Professor Collin wurde allmählich unruhig. Er hatte das Suchgebiet sehr sorgsam ausgewählt, genau an dieser Stelle hätte sie sein müssen, die versunkene Stadt. "Peter, bringen Sie uns weiter nach Osten. Vielleicht hat die Dynamik des Eispanzers die Ruinen zum Meer verschoben." Immer weiter flogen Sie nach Osten. "Da sind Strukturen!", rief Denise in heller Aufregung. "Rechteckige Strukturen, wie mit dem Lineal gezogen. Der Größe nach könnten es Gebäude oder ganze Straßenzüge sein." Unter dem Schnee zeichneten sich die Umrisse einer Stadt ab. Professor Collin blickte voll Spannung auf den Bildschirm, der dir rechteckigen Erhebungen zeigte. "Dann existiert sie also wirklich. Wie hoch mögen diese Gebäude sein? 200m? Oder mehr? Diese Stadt sieht aus, als wäre sie auf dem Reißbrett entworfen worden, perfekt und geometrisch. Jetzt müssen wir nur noch ihr Wahrzeichen finden!"

Viele Sagen rankten sich um die Stadt im Eis. Es soll eine große Handelsmetropole gewesen sein, mit einem großen Hafen. Die meisten Sagen erwähnten ihr Wahrzeichen, dass von weitem einlaufende Schiffe begrüßte. Das galt es nun zu finden. "Ich habe hier etwas auf den Sensoren", verkündete David freudestrahlend. "Eine riesige Metallkonstruktion, im Umkreis von 500m. Genauer kann ich sie nicht lokalisieren, dafür ist sie zu groß und ihr Signal überschreitet die Anzeigegrenzen." Professor Collin blickte auf den Schirm. "Ja, das muss sie sein. Peter, suchen Sie einen Platz zum Landen." Nach kurzem Flug fand Peter eine geeignete Stelle und das kleine Schiff setzte seine Kufen auf das Eis.
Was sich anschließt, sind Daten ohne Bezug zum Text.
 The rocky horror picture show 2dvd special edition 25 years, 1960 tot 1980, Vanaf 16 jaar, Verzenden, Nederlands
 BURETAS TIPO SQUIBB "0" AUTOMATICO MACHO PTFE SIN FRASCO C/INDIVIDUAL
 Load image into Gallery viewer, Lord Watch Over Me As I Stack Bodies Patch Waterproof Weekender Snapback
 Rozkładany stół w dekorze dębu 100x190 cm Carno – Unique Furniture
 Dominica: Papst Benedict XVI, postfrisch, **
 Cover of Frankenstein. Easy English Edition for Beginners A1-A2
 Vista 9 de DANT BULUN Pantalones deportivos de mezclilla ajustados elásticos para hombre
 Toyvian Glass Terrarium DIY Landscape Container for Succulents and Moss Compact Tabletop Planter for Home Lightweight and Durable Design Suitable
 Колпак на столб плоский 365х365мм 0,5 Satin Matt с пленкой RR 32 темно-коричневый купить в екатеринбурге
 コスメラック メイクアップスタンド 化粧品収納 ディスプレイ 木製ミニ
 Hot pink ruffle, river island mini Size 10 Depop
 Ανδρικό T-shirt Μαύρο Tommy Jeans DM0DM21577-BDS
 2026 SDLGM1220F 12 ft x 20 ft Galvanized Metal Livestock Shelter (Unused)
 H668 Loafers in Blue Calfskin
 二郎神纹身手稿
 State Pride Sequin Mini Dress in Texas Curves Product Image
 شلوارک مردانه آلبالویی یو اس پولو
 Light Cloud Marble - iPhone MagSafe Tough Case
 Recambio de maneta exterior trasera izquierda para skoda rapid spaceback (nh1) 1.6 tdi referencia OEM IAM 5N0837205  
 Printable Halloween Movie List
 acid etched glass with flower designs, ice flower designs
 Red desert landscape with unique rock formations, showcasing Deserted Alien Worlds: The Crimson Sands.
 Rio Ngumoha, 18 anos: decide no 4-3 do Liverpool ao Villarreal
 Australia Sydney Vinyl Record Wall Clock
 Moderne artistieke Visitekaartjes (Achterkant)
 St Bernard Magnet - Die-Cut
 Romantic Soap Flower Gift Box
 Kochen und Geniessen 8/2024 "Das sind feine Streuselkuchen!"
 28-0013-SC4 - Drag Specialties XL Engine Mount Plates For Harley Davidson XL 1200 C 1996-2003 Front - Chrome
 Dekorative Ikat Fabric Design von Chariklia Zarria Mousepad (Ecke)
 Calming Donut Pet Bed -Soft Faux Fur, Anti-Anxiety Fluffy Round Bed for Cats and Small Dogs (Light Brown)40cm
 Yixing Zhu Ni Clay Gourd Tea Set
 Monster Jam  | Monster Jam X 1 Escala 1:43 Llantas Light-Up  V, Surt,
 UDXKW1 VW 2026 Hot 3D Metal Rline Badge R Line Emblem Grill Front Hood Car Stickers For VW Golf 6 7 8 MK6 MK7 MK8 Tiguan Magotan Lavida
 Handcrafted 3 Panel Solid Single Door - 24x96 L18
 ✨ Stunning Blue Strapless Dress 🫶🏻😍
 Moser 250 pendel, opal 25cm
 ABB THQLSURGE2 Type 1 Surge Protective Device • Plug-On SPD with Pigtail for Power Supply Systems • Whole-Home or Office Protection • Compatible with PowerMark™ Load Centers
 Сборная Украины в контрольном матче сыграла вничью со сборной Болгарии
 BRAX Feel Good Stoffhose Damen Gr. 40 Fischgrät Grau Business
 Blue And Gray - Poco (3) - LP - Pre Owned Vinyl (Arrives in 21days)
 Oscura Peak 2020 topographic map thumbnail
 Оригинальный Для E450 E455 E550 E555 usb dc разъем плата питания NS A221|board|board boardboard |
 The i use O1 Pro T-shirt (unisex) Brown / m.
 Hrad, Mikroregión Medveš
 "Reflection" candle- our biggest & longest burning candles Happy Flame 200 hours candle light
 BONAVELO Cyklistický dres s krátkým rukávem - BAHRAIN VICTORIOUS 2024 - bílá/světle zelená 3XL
Die vier Wissenschaftler zogen ihre Thermo-Anzüge an und verließen das Schiff, hinaus in die eisige Kälte. Sie waren etwas außerhalb gelandet und ließen sich von ihren tragbaren Scannern an die Stelle führen, an dem sie die Metallkonstruktion vermuteten. Obwohl es Mittag war, war es stockdunkel unter der Wolkendecke und sie mussten sich auf den Schein ihren Lampen verlassen. Ein eisiger Wind und leichter Schneefall ließen keinen Zeifel daran, dass sie auf einem wahren Eisplaneten gelandet waren. Das Gehen war schwer in den dicken Anzügen und sie kamen nur langsam voran. Nach einer Viertelstunde hatten sie ihr Ziel erreicht. Die Scanner zeigten eine große Metallansammlung unter ihnen an - aber es war nichts zu sehen.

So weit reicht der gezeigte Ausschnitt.